Tout va très vite, madame la marquise ! Dans leur ton provocateur, ces phrases sont étonnantes de lucidité ignorée et inconsciente. Montesquieu pressent la fin de l’histoire de Hegel et Kojève, et il annonce le présent permanent des penseurs profonds du XIXe, concept repris par notre dernier classique Guy Debord pour dépiauter notre réalité contemporaine :
« La construction d’un présent où la mode elle-même, de l’habillement aux chanteurs, s’est immobilisée, qui veut oublier le passé et qui ne donne plus l’impression de croire à un avenir, est obtenue par l’incessant passage circulaire de l’information, revenant à tout instant sur une liste très succincte des mêmes vétilles, annoncées passionnément comme d’importantes nouvelles ; alors que ne passent que rarement, et par brèves saccades, les nouvelles véritablement importantes, sur ce qui change effectivement. »

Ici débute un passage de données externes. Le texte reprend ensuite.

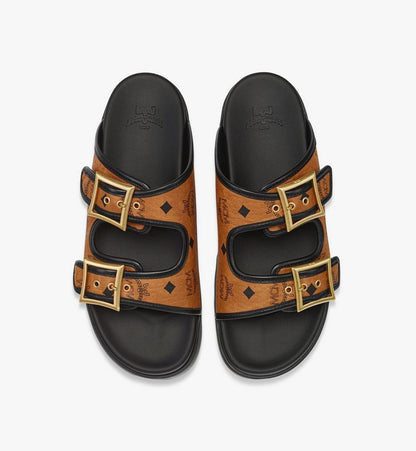 MEXFSMM02CO040-U MCM COL VST FLAT SANDALS CO, 040|COGNAC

L’idée que tout va très vite est vieille comme la civilisation. En tout cas, il est défendu dans ces lignes de s’absenter de la matrice : elle pourrait se venger ! Il ne faut pas se laisser oublier, il faut préparer son retour, son come-back, comme on dit chez les vrais ploucs !
« Une femme qui quitte Paris pour aller passer six mois à la campagne en revient aussi antique que si elle s’y était oubliée trente ans. »

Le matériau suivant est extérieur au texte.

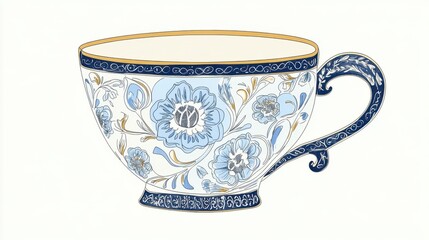 Exquisite Blue and Gold Floral Decorated Teacup - A Timeless Piece of Porcelain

Il est vrai qu’à cette époque la campagne est encore un peu loi, même si Manon Lescaut et son amant joueur et spéculateur veulent leur hôtel particulier pas trop loin de la capitale !
J’en finis avec cette belle phrase, qui annonce bien nos temps qui courent, ou qui galopent même :
« Dans cette changeante nation, quoi qu’en dise le critique, les filles se trouvent autrement faites que leurs mères. »
Elle me fait tant penser dans sa perfection à celle de Debord, ce classique venu du marxisme, qui s’en prend à ce monde où « les hommes ressemblent plus à leur temps qu’à leur père. » Et c’est ainsi que le choc générationnel était bien plus profond et même ancien qu’on ne le croyait !
Il serait temps, en cette fin des temps, d’être un peu plus… perçant.